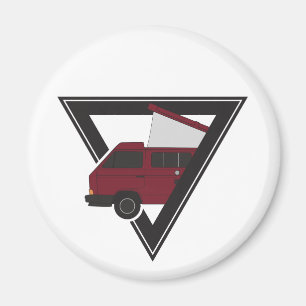 Imán bus maroon triangular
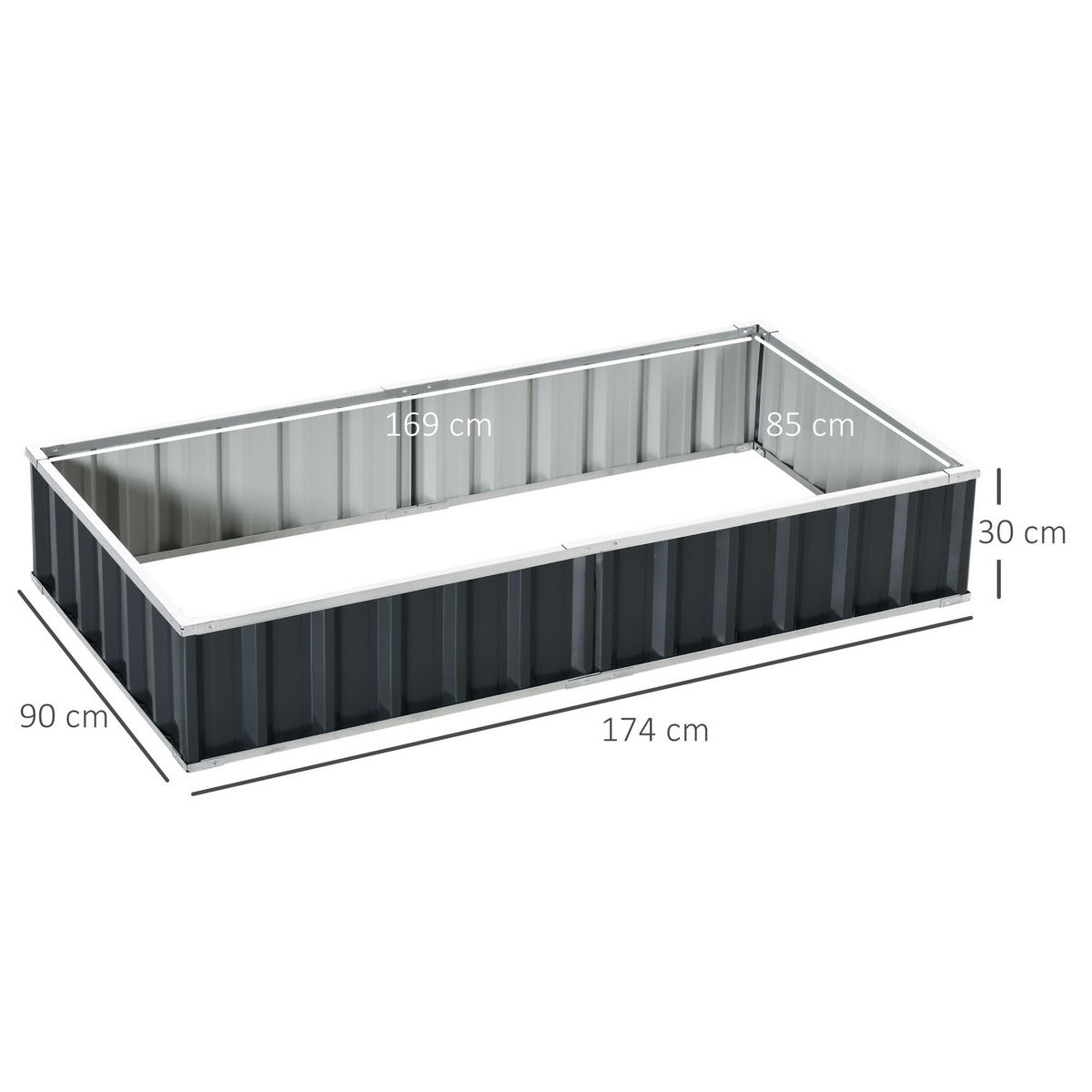 HOCHBEET DE-12109 modular 174/90/30 cm, Montage ohne Werkzeug Anthrazit - Grau, Metall (174/30/90cm) - ComfortXL
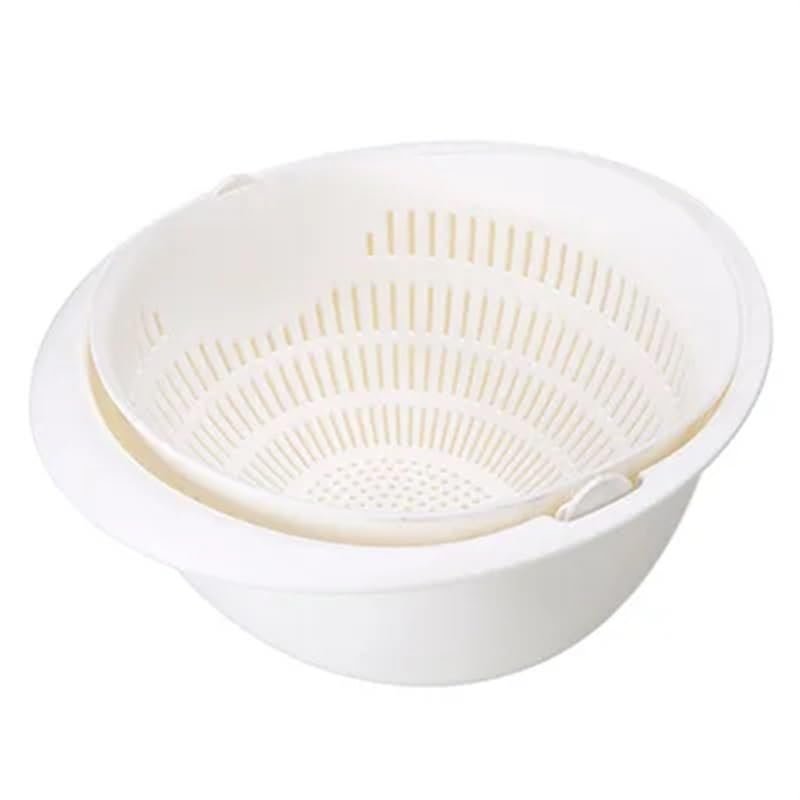 AD-BCrbgen Multifunctional drain basket Colander Fruit & Vegetable Wash Basin Large Capacity Wash Basin Fruit Wash Basin Food Filter Ideal for draining pasta vegetables and fruits(White)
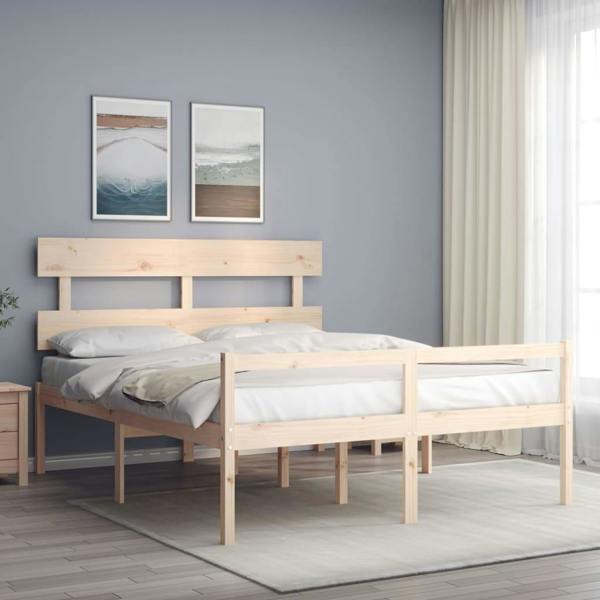 Berkfield Bed Frame with Headboard 160x200 cm Solid Wood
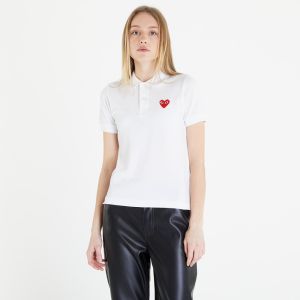 Comme des Garçons PLAY Heart Logo Polo Short Sleeve Tee White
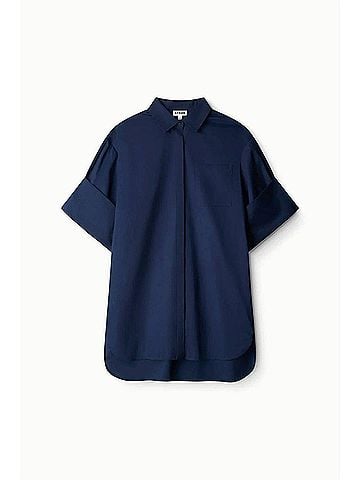 STAUD Nico Mini Shirtdress in Navy (view 1)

■ **TASK OBJECTIVE**: The answer must be an exact copy of the records, with no images in it.

■ **EXERCISE RESPONSE**:
 Imán bus maroon triangular
 HOCHBEET DE-12109 modular 174/90/30 cm, Montage ohne Werkzeug Anthrazit - Grau, Metall (174/30/90cm) - ComfortXL
 AD-BCrbgen Multifunctional drain basket Colander Fruit & Vegetable Wash Basin Large Capacity Wash Basin Fruit Wash Basin Food Filter Ideal for draining pasta vegetables and fruits(White)
 Berkfield Bed Frame with Headboard 160x200 cm Solid Wood
 Comme des Garçons PLAY Heart Logo Polo Short Sleeve Tee White
 STAUD Nico Mini Shirtdress in Navy (view 1)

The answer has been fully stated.